Last year we were very excited to open our file to adopt again from Ethiopia, and now we are excited to say that we have opened a file in the USA for fostercare adoption as well.
Ethiopia was, in fact,to the third country we had tried for our second adoption. First, there was the DRC (Congo) that we pulled out of within a matter of months. I could see the writing on the wall, and sure enough, the program is closed now.
So we switched to Lesotho, a small boutique program run by a fantastic agency in BC. Due to the country’s elections, politics and eventual compliance with The Hague Convention, the adoption process slowed to a trickle. We were just poised to receive a referral, when, The agency for Ethiopia started accepting applications again.
So we made the hard choice, and jumped ship to Ethiopia. (A little summary of our adoption timeline.)

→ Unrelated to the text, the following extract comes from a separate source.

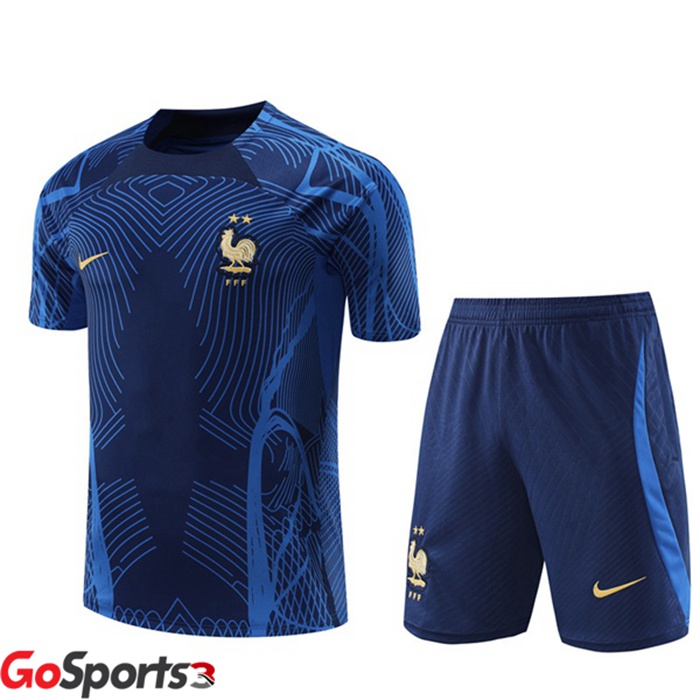 フランス代表 トレーニング ウェア 半袖 + Shorts ブルー 2022/2023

At first, it seemed like things were progressing well. But now I’m honestly not sure if anything is going to happen. We took a risk pioneering a special needs program, and it doesn’t look like it will pan out anytime soon. And the general waiting list has a very, very long wait time. Ethiopia is an outside bet, at the moment.
Anyway, the kids are getting older, and I’m feeling the urge more and more strongly to add to our family. Jason would be fine with just the two girls, but my urge to add kids isn’t going away… It’s intensifying.
We’ve had many discussions with the kids about their priorities, and most important to them is that they have a brother, and that he (or they) have brown skin. It’s very important to them that they outnumber us, and we are totally down with that. Since their are precious few kids (read: almost none) of colour in BC, and we aren’t up for a baby (I have changed one diaper in my life, and I’m not about to start now…) so that leaves US fostercare. And through a strange twist of adoption rules, we can have our file open in both the US and Ethiopia at the same time.
I’m actually very excited about adopting through US fostercare. Like most crazy adoptive mothers, I’ve spent late night trolling through the waiting child website, imagining kids faces superimposed in our family picture. There are so many beautiful kids, funny kids, shy kids, outgoing kids, and normal kids… And they all deserve a family. There are an inordinate amount of black children in fostercare, and black boys are most overrepresented.
I’d always been told that you can’t adopt through US fostercare to Canada… But that isn’t actually the case. It’s totally possible… It’s just hard. The individual child’s casework at the county level has to agree to work with one of the extremely few Hague-approved-for-outgoing-adoptions agencies that actually does fostercare adoptions. I can count these agencies on one hand, in the whole USA, by the way. And then our agency in Canada has to be cool with it, and have a good working relationship with a US agency.
Luckily, so far, the starts have aligned as far as agencies go. Now we just have to find the kid… And convince their county social worker that Canada is a good option! Lol
Wish us luck in this next leg of our adoption journey!
One (or two!) sons from America (or Ethiopia,) here we come!